Le calorifère Michel Perret fournit une température régulière, mais qu’il n’est pas possible de dépasser. Il est aussi, comme tous les appareils à air, inapplicable aux très grands édifices ; le déplacement laborieux de l’air chaud ne lui permettant pas de desservir des locaux situés à plus de 30 mètres de distance horizontale. Si, comme il est probable, le chauffage collectif est destiné à se substituer un jour aux procédés actuels, c’est par le calorifère à vapeur que s’opérera cette transformation dans nos mœurs.

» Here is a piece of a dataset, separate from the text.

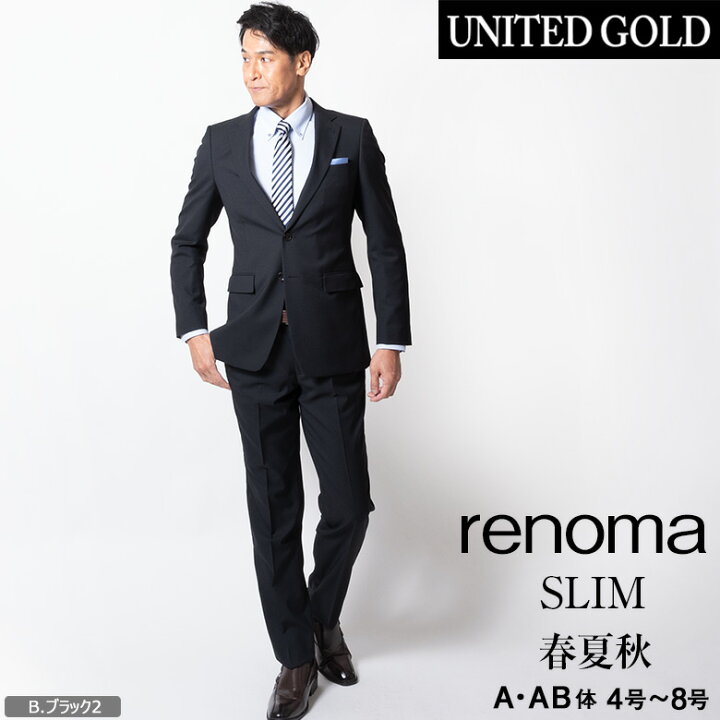 楽天市場】【23:59迄 全品 P5倍】renoma レノマ メンズスーツ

Déjà certains quartiers de New-York possèdent des stations centrales génératrices, d’où la vapeur sous pression est envoyée par un réseau de conduites à plusieurs centaines de maisons. Il n’est pas plus extraordinaire, si l’on y réfléchit, de distribuer ainsi la chaleur, qu’il ne l’est de recevoir à domicile sa lumière ou son eau d’une usine ou d’un réservoir de la banlieue. Le progrès, qui passe parfois pour engendrer l’individualisme, tend au contraire à associer les hommes pour la satisfaction d’un plus grand nombre de besoins et de désirs.


Vte G. D’AVENEL.

  1. Voyez la Revue du 1er janvier 1899.
  2. Voyez, dans la Revue du 1er décembre 1895, le Mécanisme de la vie moderne, VII, Le Papier.
  3. Voyez, dans la Revue du 15 mars 1895, l’Industrie du Fer.